検査対象 | 地域振興整備公団 |
産炭地域振興事業の概要 | 石炭鉱業の不況により特に疲弊の著しい産炭地域における鉱工業等の計画的な発展を図るため、土地等造成事業、融資事業、出資事業及び工業用水道事業の各事業を行うもの |
検査の対象とした事業に係る平成12年度末資産残高 | 土地等事業資産 | 1081億3042万円 |
投融資事業資産 | 263億3488万円 | |
工業用水道事業資産 | 95億6025万円 | |
平成12年度末の政府出資金累計額 | 資本金(産炭地域振興事業勘定) | 608億8550万円 |
1 産炭地域振興事業の概要
地域振興整備公団(前身の産炭地域振興事業団及び工業再配置・産炭地域振興公団を含む。以下「公団」という。)では、地域振興整備公団法(昭和37年法律第95号。以下「公団法」という。)等に基づき、国の産炭地域振興対策の一環として、石炭鉱業の不況により特に疲弊の著しい産炭地域における鉱工業等の計画的な発展を図るため、産炭地域振興事業(土地等造成事業、融資事業、出資事業及び工業用水道事業)を実施してきている。
産炭地域振興対策の対象となる産炭地域は、産炭地域振興臨時措置法(昭和36年法律第219号。以下「産炭法」という。)において、「石炭鉱業の不況による疲弊の著しい石炭産出地域及びこれに隣接する地域」とされ、当初は8道県の238市町村が指定されていたが、昭和62年以降、計3回にわたり地域指定の一部解除が行われており、平成9年度以降の対象市町村は4道県の102市町村となっている。
2 検査の背景及び着眼点
産炭法は、昭和36年に5年間の時限立法として制定・施行された後、41年、46年、56年及び平成3年にそれぞれ施行期限の延長が行われたことにより、40年間にわたり産炭地域振興対策の根拠法令とされてきた。
そして、11年8月の産炭地域振興審議会答申では、産炭地域振興対策の目標をおおむね達成しつつあることから、産炭法は現行の期限である13年度をもって失効し、同法失効後の産炭地域の振興は一般的な地域振興対策に委ねる方向とすべきとされた。これを受けて12年3月に「石炭鉱業の構造調整の完了等に伴う関係法律の整備等に関する法律」(平成12年法律第16号)が成立し、国の石炭鉱業に関する構造調整対策等は13年度をもって終了することとなった。これにより公団法が改正され、公団の産炭地域振興事業についても新規事業の着手は13年度をもって終了し、14年度以降は、当分の間、それまでに造成した土地・施設等の管理及び譲渡を行うこととされた。

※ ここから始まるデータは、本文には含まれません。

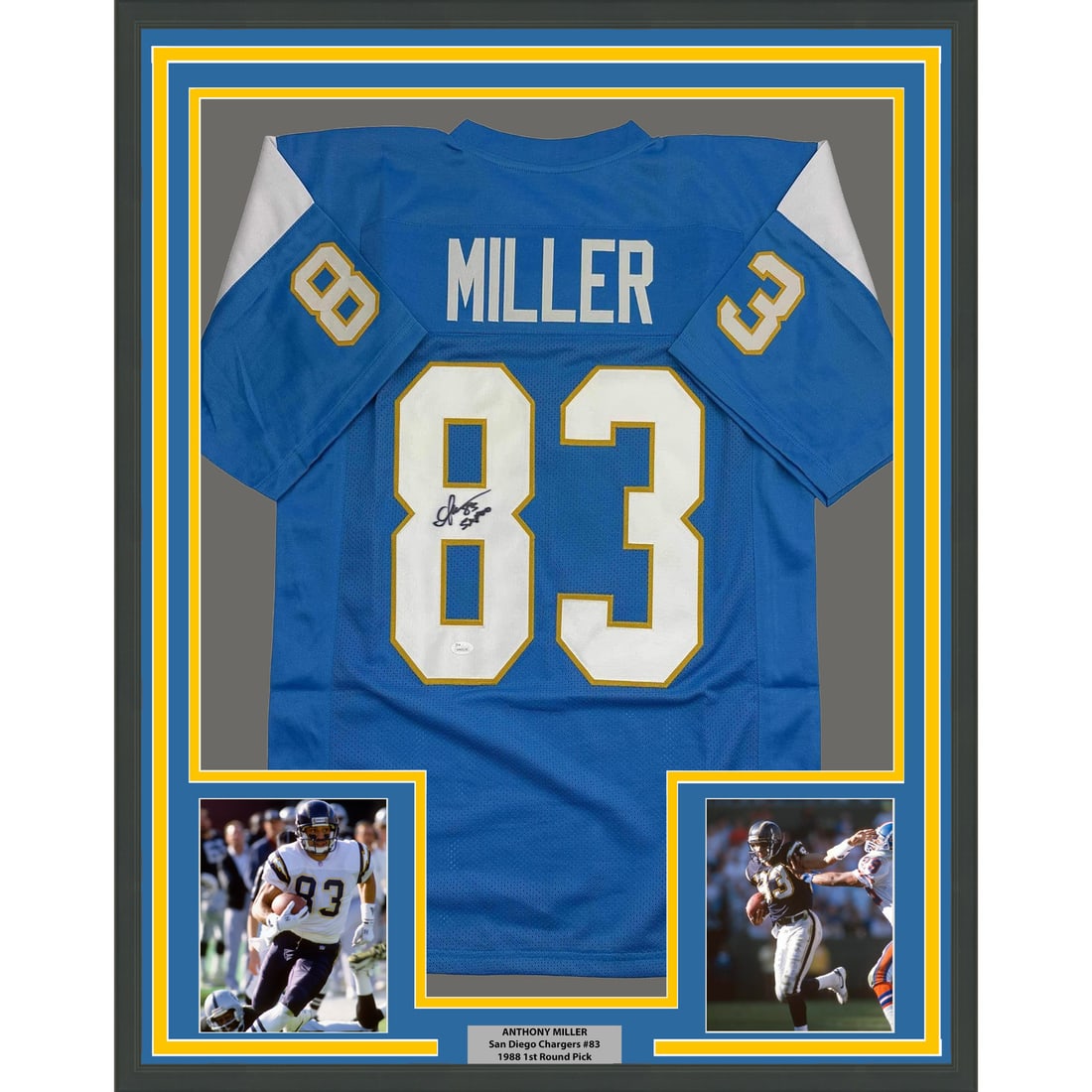 Anthony Miller Signed Chargers Blue Jersey Framed Display 35x39 JSA Authenticated (1 of 2)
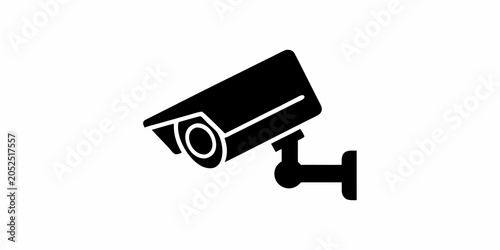 Bild auf Leinwand Security Camera Silhouette Icon On White Background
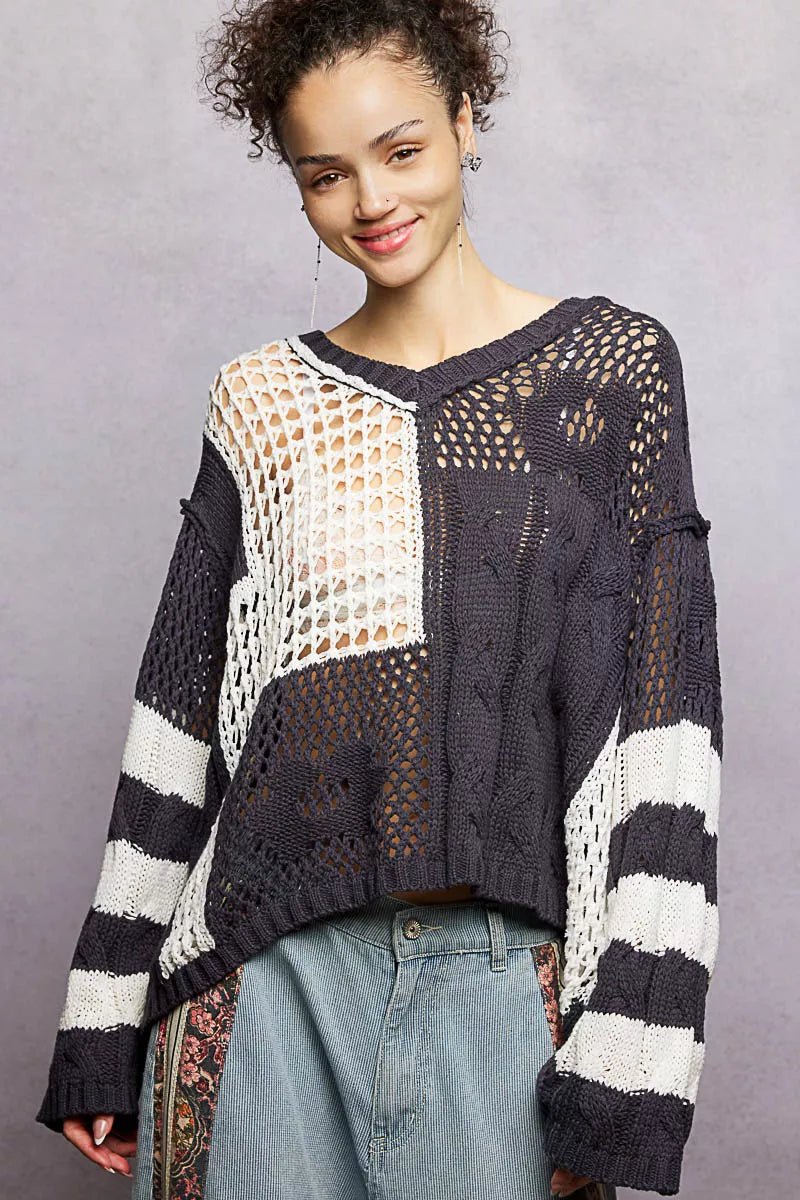POL Color - Blocked Stripe Pattern Knit Top with Twisted Weave - Chandeliers Boutique ny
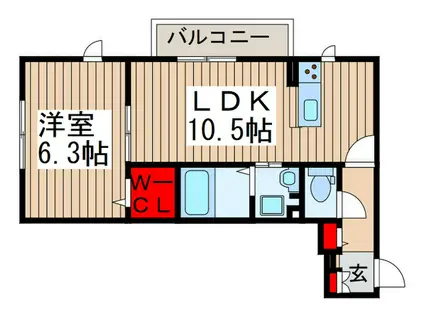 ホープヒル(1LDK/3階)の間取り写真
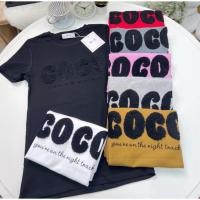 ราคา เสื้อยืดคอกลมแขนสั้น รีดเพชรลาย coco ป้าย ME (41761762100)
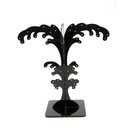 Support d'exposition en acrylique noir pour petites boucles d'oreilles arbre de palme noir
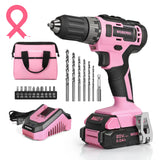 WORKPRO 20V Pink Cordless Drill Driver Set, 3/8” Keyless Chuck, 2.0 Ah Li-ion Battery, 1 Hour Fast Charger and 11-inch Storage Bag Included - Pink WORKPRO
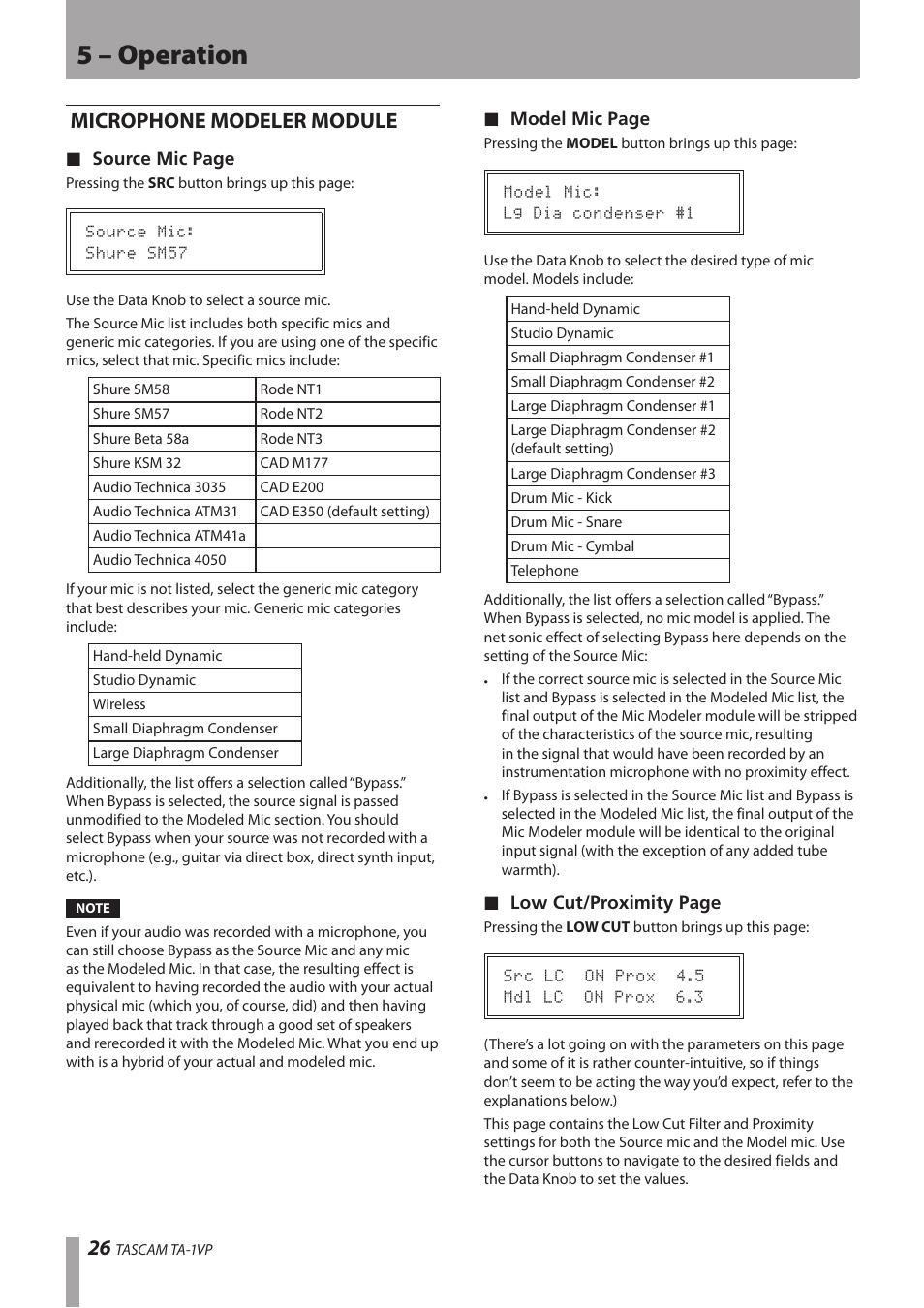Microphone modeler module, 5 – operation | Antares TASCAM TA-1VP User Manual | Page 26 / 44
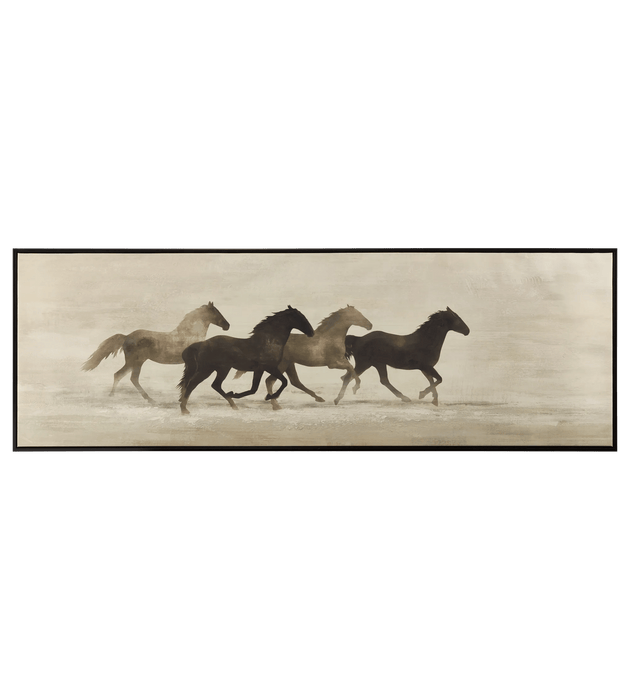 Tableau encadré représentant des chevaux au galop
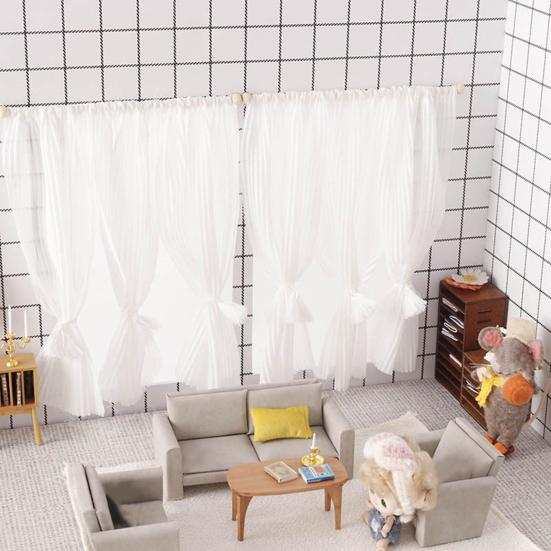 Miniature Curtains Doll Mansion White Window Shades 1:12 Scale Miniature Pleated Curtains with Rod for Dolls Bedroom Accessories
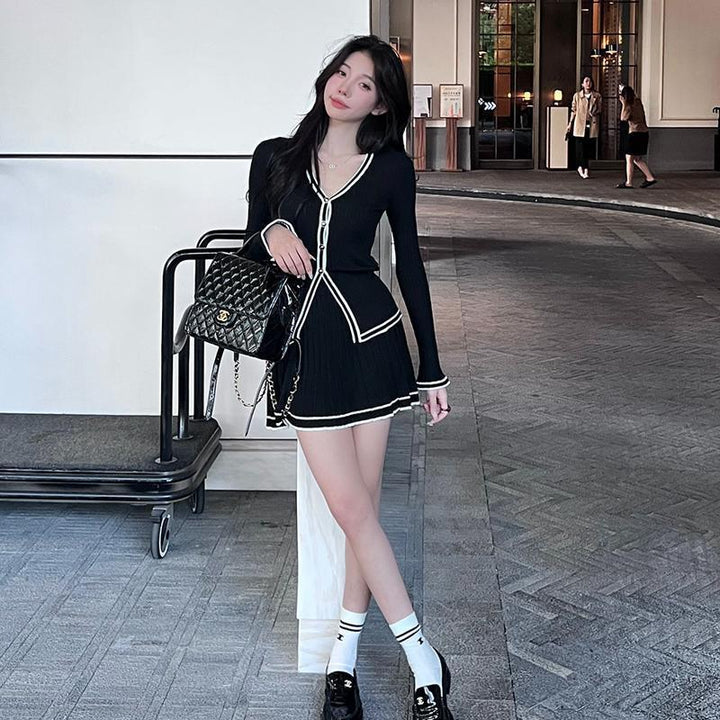 Autumn Clothes Knitting Suit Pleated Skirt Two-piece Set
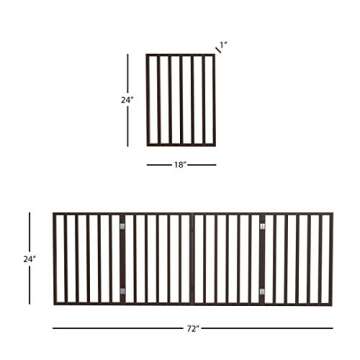 Pet Gate - 4-Panel Indoor Foldable Dog Fence for Stairs, Hallways or Doorways - 72x24-Inch Retractab...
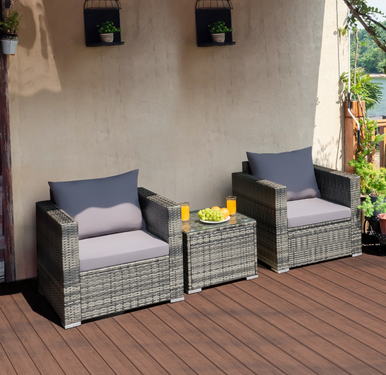 Gray Rattan 3-Piece Cushioned Patio Set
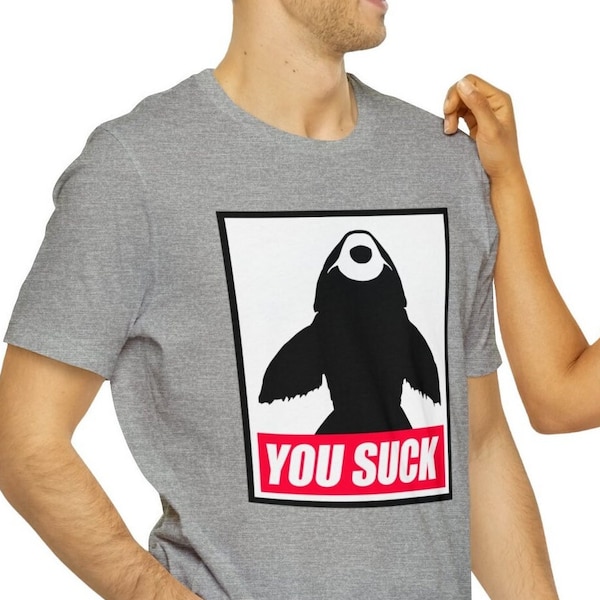 Pleco You Suck T-shirt, Lustiger blauer Katzenwels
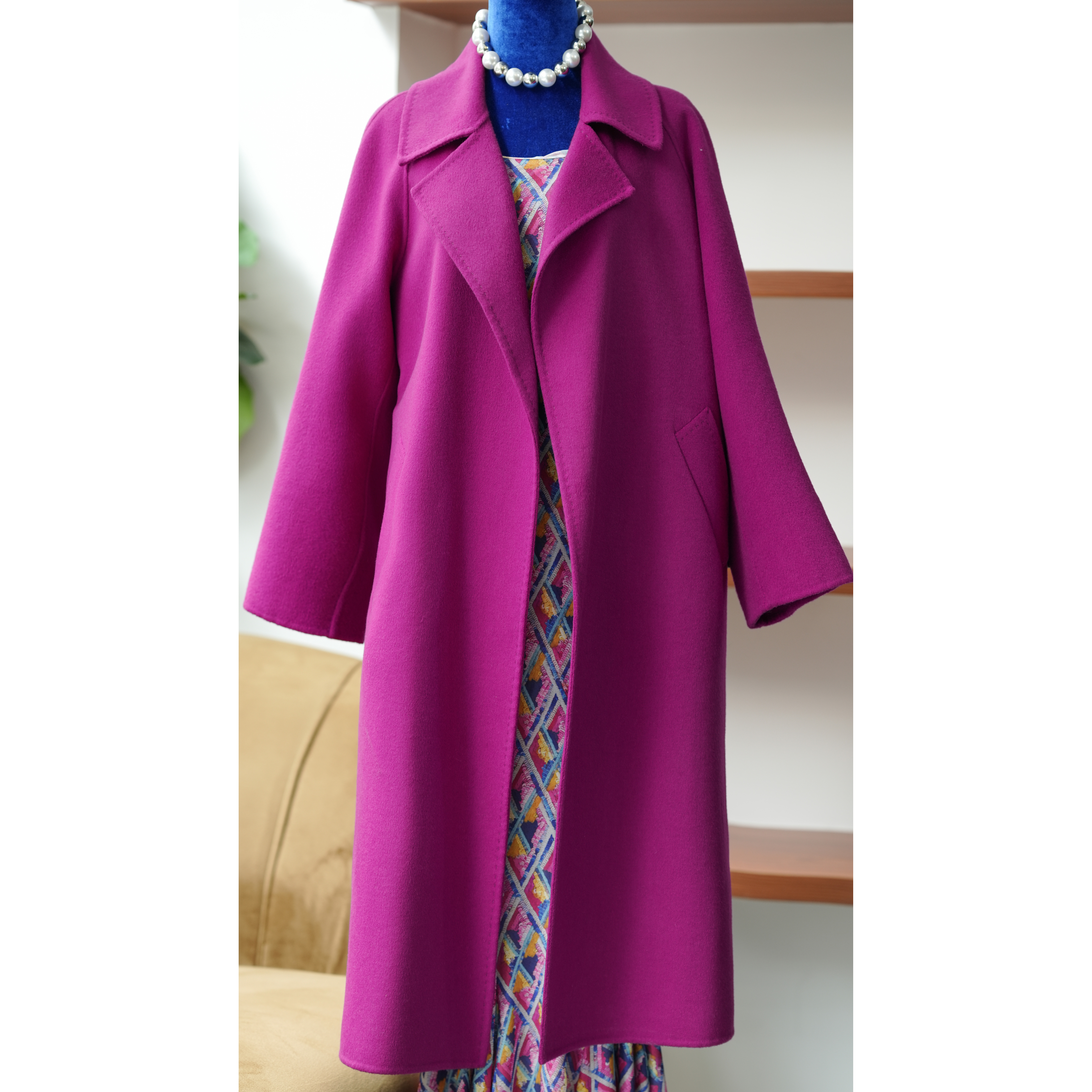  HZHJ原创设计师款 玫红 羊毛外套大衣长袖显瘦高级洋气 955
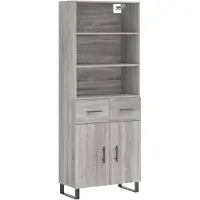 vidaXL Highboard Grau Sonoma 69,5x34x180 cm Holzwerkstoff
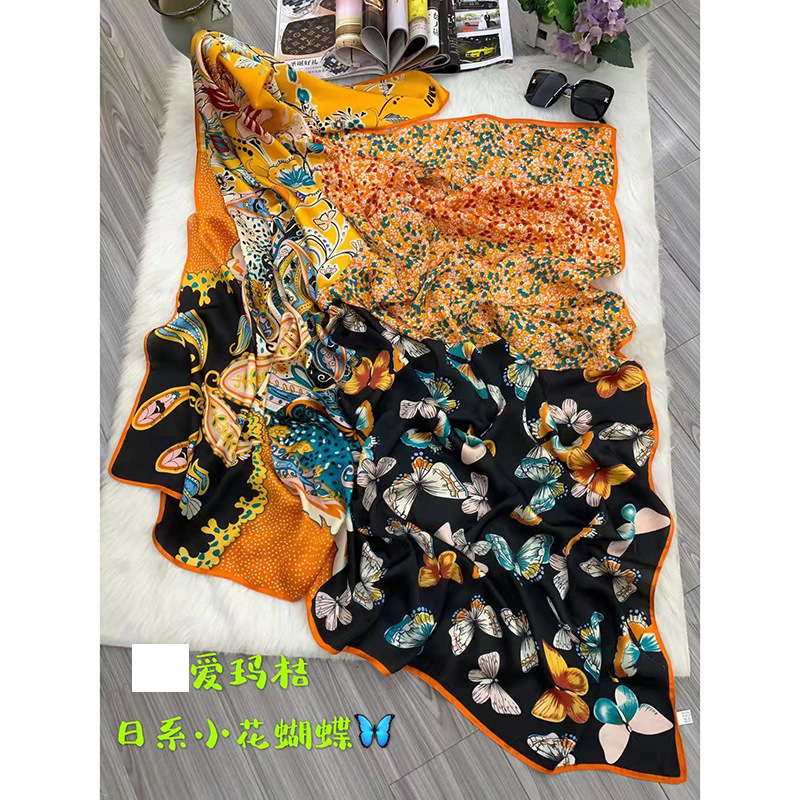 A new 140 large square scarf and silk scarf for women, a fashionable spring and summer neckerchief, scarf, neck protection, stylish and motherly style scarf and shawl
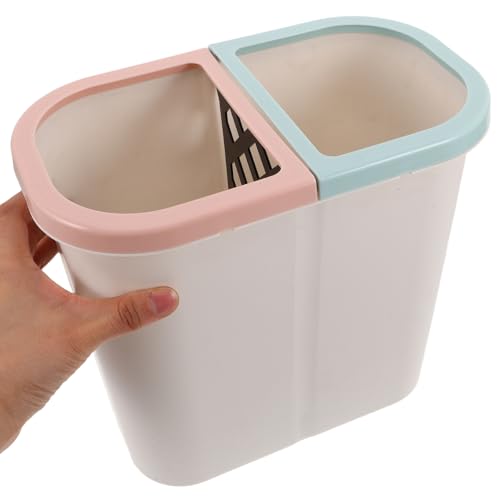 Caneca de basura rectangular blanca con compartimentos duales miniatura 4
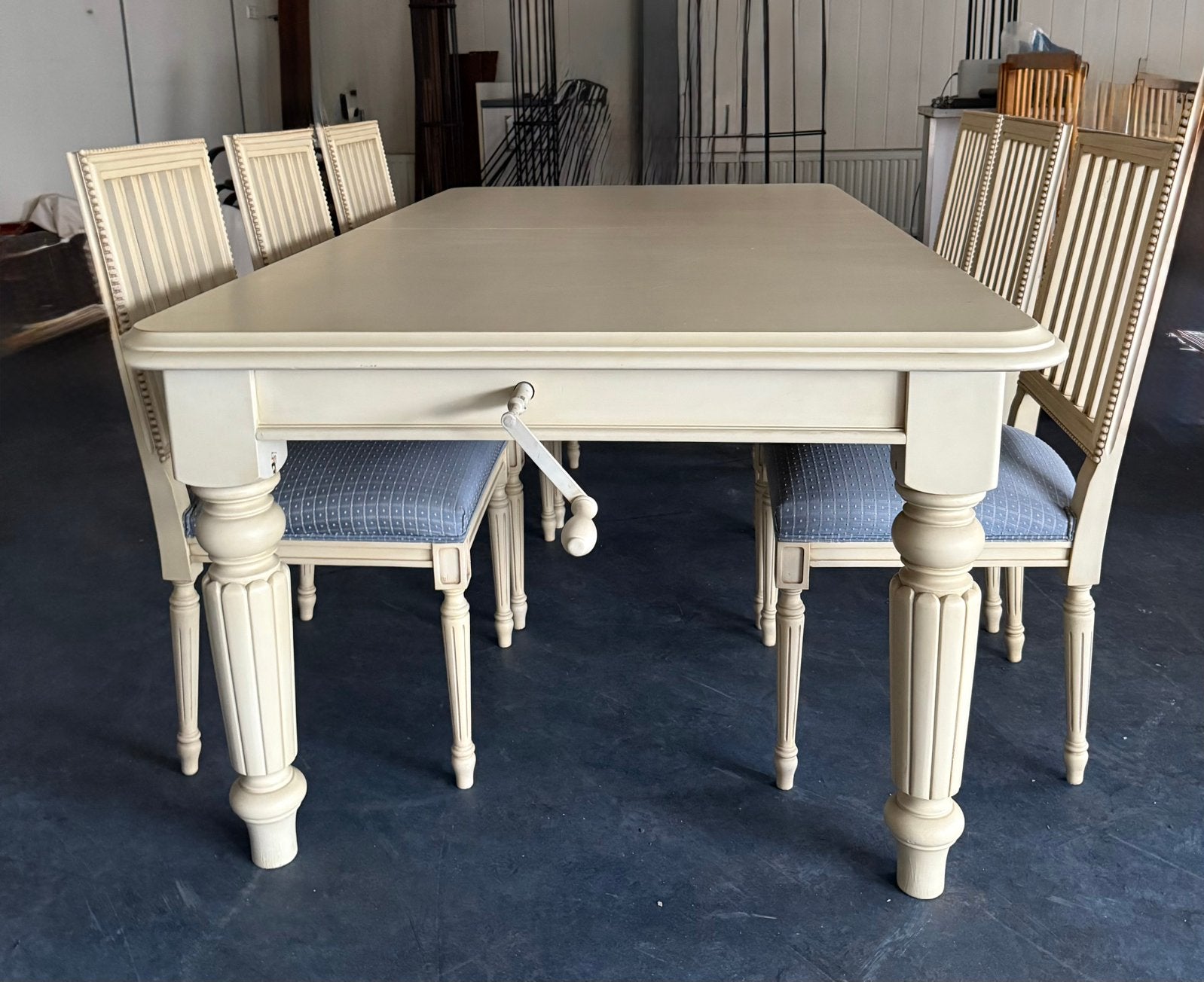 Prachtige zeer luxe eethoek 6 stoelen en extra tafel bladen, Huis en Inrichting, Tafels | Eettafels, Ophalen, 200 cm of meer, 50 tot 100 cm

このように、公団が国の出資金、補給金等の財政支出を受けて実施してきた産炭地域振興事業が終了に向かうことから、公団の産炭地域振興事業を対象として、特に事業規模の大きい土地等造成事業を中心に、実施中の事業の進ちょく状況、事業経営の状況及び今後の課題等に着眼して検査を実施した。
3 検査の状況
(1)国の財政支出の概要
公団が実施する産炭地域振興事業に対して、国は、公団設立の昭和37年度から平成12年度末までに、出資金608億8550万円のほか、補助金34億4098万余円、補給金162億8148万円、交付金16億2234万余円、計822億3031万余円の財政支出を行っている。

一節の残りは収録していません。